# About this task:
Return the lines of the data below starting at the one holding "1446 GERANIUM DR, MASCOTTE, FL, 34753" and ending at the one holding "TSB ALK 8 Layer", word for word, leaving every picture out.

# Material for this exercise:
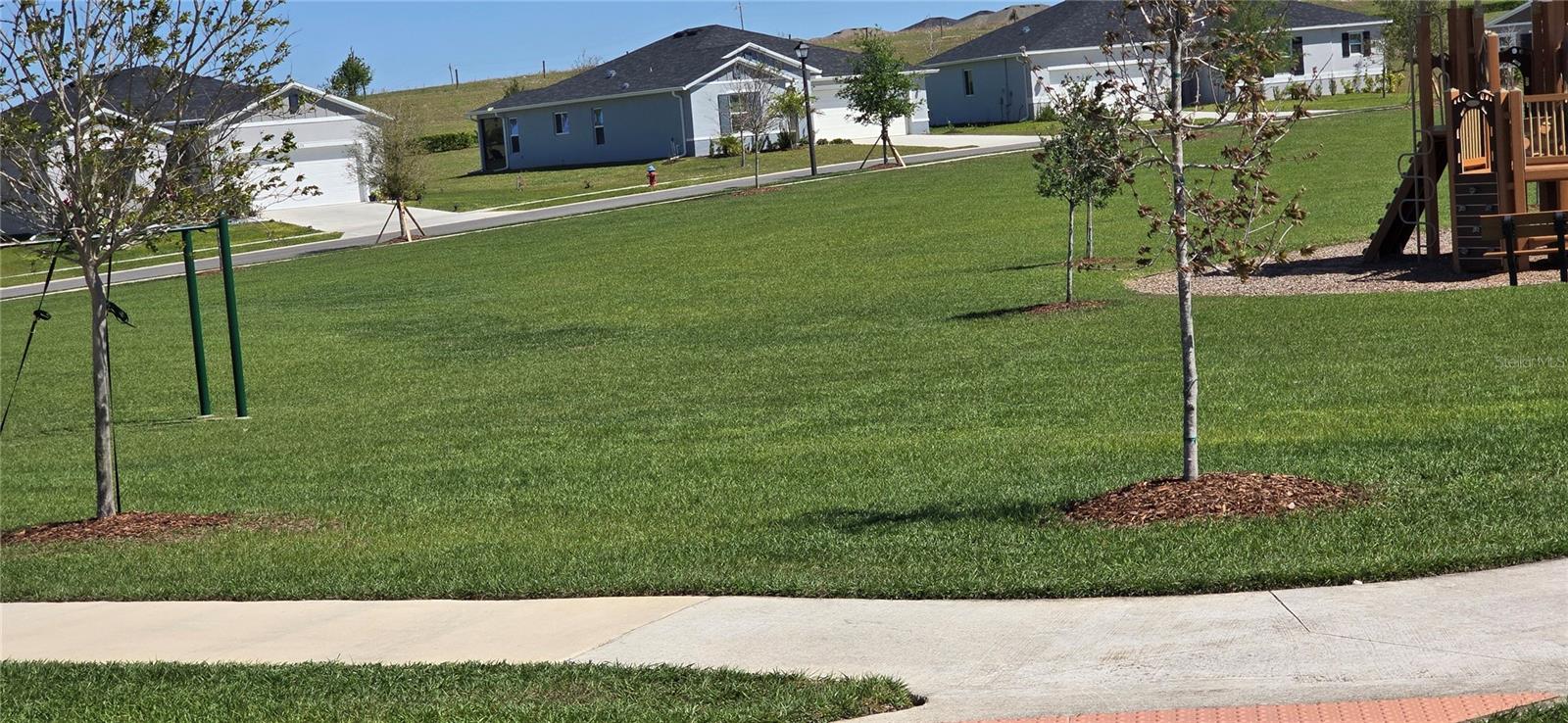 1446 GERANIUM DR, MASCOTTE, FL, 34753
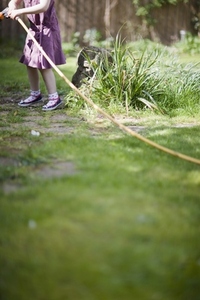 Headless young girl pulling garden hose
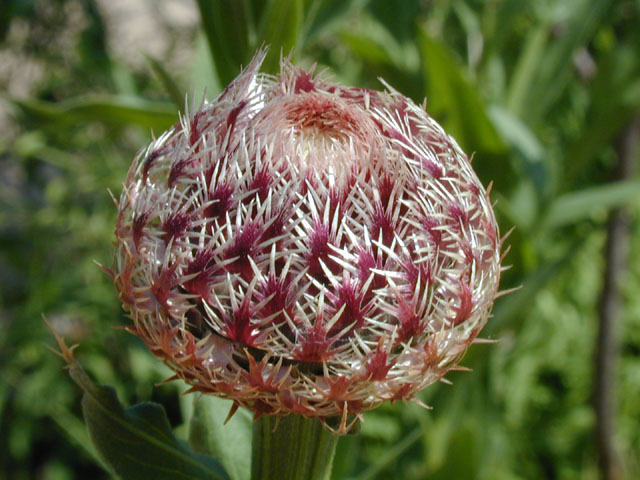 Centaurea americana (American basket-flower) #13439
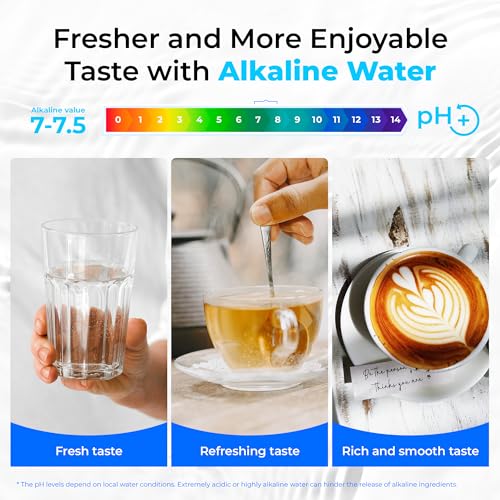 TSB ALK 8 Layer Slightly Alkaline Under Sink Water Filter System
==
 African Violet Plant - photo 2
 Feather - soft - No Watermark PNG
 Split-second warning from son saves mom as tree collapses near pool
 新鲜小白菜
==
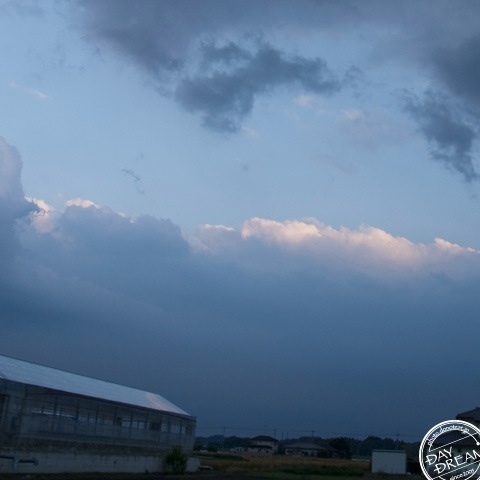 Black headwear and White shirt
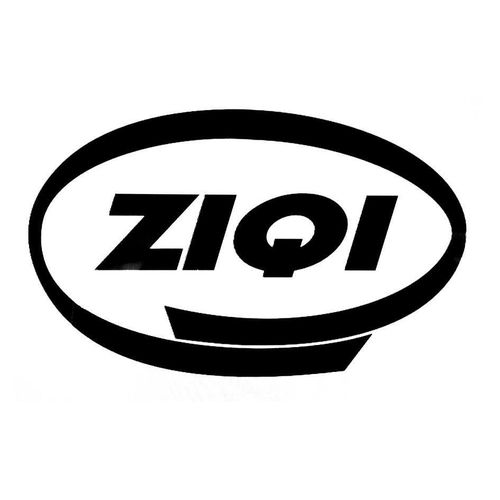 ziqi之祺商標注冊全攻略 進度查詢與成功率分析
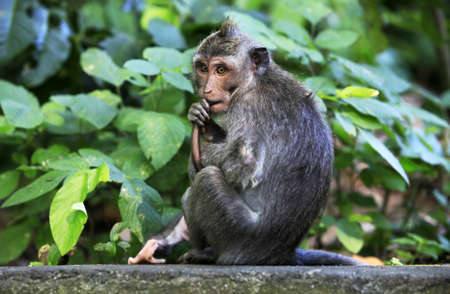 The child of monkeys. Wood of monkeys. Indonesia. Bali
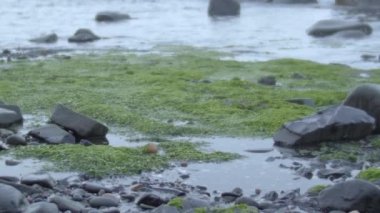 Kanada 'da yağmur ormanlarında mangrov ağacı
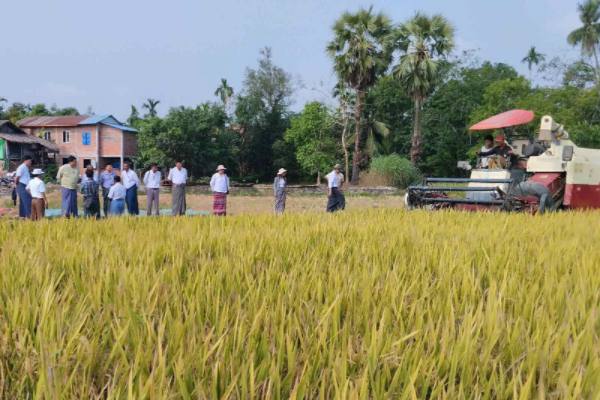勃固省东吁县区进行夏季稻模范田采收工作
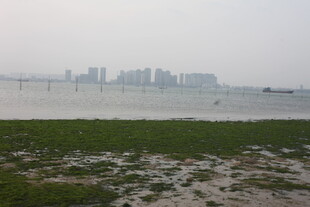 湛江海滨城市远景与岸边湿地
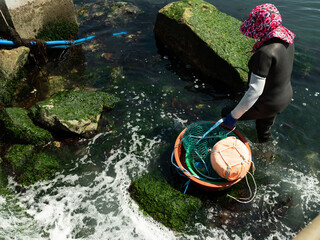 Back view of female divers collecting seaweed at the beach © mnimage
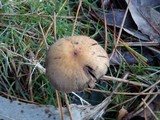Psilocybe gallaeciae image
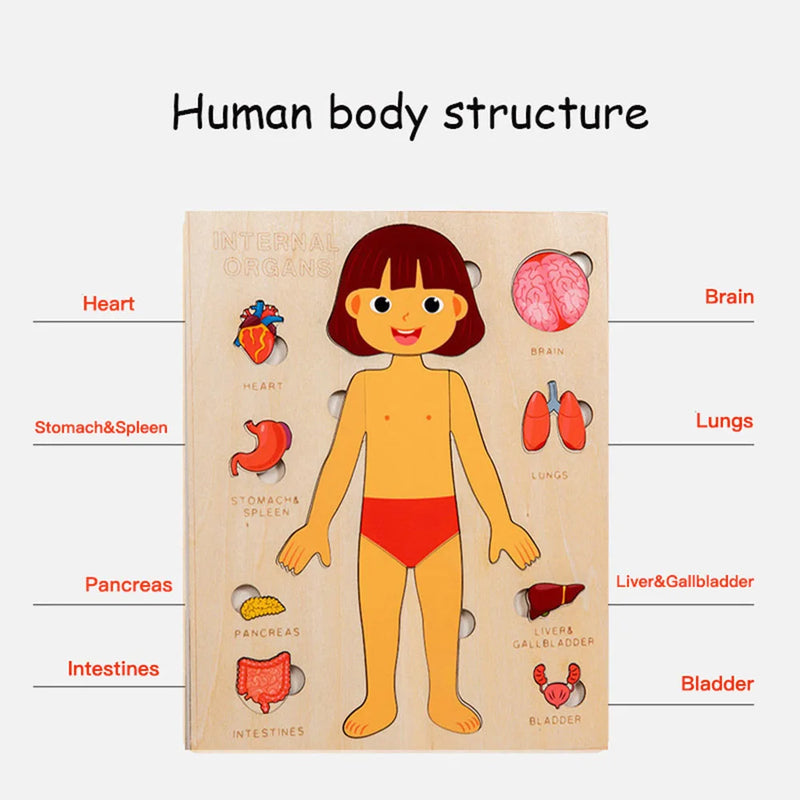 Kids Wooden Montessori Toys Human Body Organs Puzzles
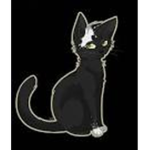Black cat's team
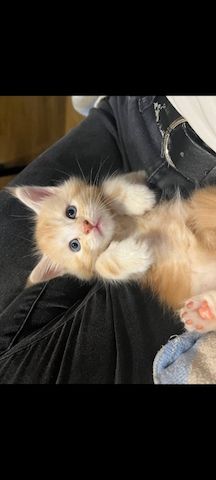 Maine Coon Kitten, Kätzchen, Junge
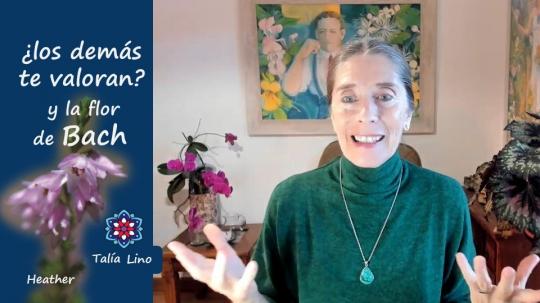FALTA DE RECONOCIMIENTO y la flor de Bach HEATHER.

# Answer for this exercise:
 1446 GERANIUM DR, MASCOTTE, FL, 34753
 Headless young girl pulling garden hose
 Centaurea americana (American basket-flower) #13439
 TSB ALK 8 Layer Slightly Alkaline Under Sink Water Filter System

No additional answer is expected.